My TBP was still young when he began to have strong opinions about his likes and dislikes.

He didn’t enjoy the team sports that he had played, so we stopped signing him up.

He agreed to practice piano and took lessons for a year and a half; despite having talent and a good ear, he wasn’t at all interested in piano. Private lessons were expensive and time-consuming so when he didn’t love playing, we stopped.

Currently, my son doesn’t love things that I hoped he might, at least not yet. Science, writing, art or reading just for fun are not desired past times.

He is so creative that I thought he might like painting or cooking.


We continue to provide opportunities in these areas and other activities in hopes that something might stick.

Our approach has been kind of “No Thank You Bite” approach where he agrees to “taste” something, but if he doesn’t like it, he doesn’t have to finish it.

Is this encouraging quitting too soon? Does this prevent building stamina and resilience? Is this so different from other families?

I think I am still accepting the fact that I cannot control what my child is interested in and what he is not interested in.  He has his own opinions about food, music, and clothes too.

Yes, he is his own person. This is how it is supposed to be, right?

My nine-year old boy loves video games, zombies, tag and Nerf gun fights, and he has developed the desire to be a comedian with the bulk of his act revolving around potty humor.

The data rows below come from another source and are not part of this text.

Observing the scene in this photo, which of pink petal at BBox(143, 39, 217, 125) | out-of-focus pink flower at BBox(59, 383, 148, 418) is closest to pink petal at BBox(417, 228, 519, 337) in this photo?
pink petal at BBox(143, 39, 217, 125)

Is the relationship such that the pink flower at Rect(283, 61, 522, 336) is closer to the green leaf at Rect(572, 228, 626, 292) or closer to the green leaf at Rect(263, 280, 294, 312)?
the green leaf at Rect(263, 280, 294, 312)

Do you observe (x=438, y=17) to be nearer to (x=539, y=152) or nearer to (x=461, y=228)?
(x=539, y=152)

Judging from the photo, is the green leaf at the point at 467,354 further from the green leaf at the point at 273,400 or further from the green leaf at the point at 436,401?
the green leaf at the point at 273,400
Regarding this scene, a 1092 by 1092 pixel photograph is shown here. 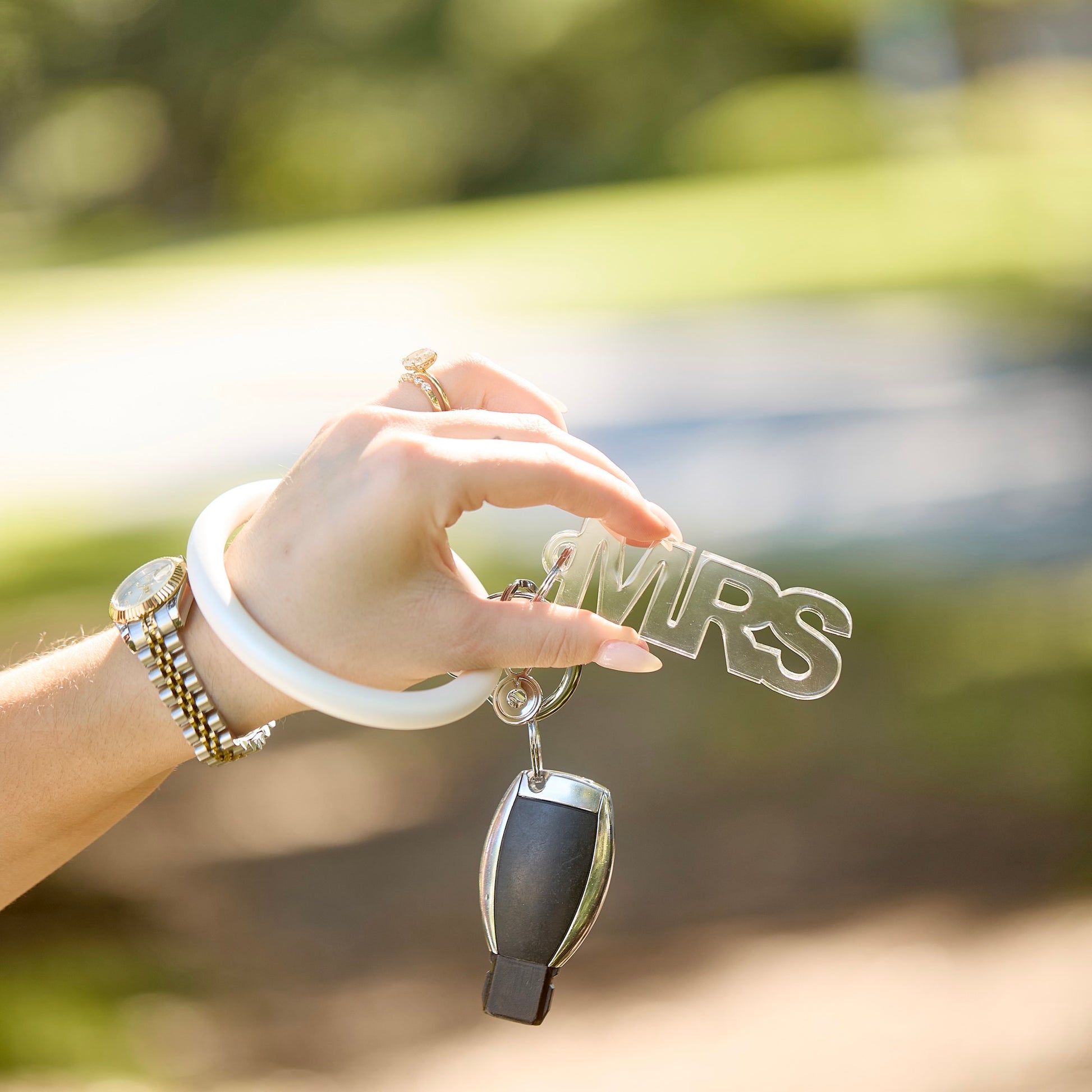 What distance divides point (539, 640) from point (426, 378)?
0.36 m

Perhaps he will be the best damn video gamer, zombie hunter, Nerf gun wielding comedian out there!

What I want…is for him to be happy.




7 thoughts on “Not my Twin

  1. Oh I could have written all of this! I swear sometimes I’m running out of ideas to suggest, but then again I don’t want to deal with the “rejection” when they don’t like whatever it is anyway!

  2. Yep! We want them to accept our ideas and values, but we’ve also got to accept them the way they are. As long as we’re good role models and love them even though they refuse to bathe for 4 days and are obsessed with Minecraft, it’ll all work out.

  3. Oh, we have been down this road, too, with our 3rd son! At 14 years old, we are still on this road. Ditto on the piano lessons! The biggest question I have about my son is, how can one be so extremely talented at something, but not like it? Gah!

  4. I think it is important to teach a child that personal development as a kid is doing something even when it’s not a thrill. You can’t teach them commitment and perseverance by letting them drop every activity just because of the, “I don’t wanna” effect. I can’t recall how many times I’ve heard from someone, “My mom made me take piano lessons, now I’m really glad she did.” Kids need guidance and training that sometimes you stick with something just because it is the things you learn along the way, and not just the activity itself, that are important. Teach commitment because life isn’t always a thrill. Sometimes it’s work.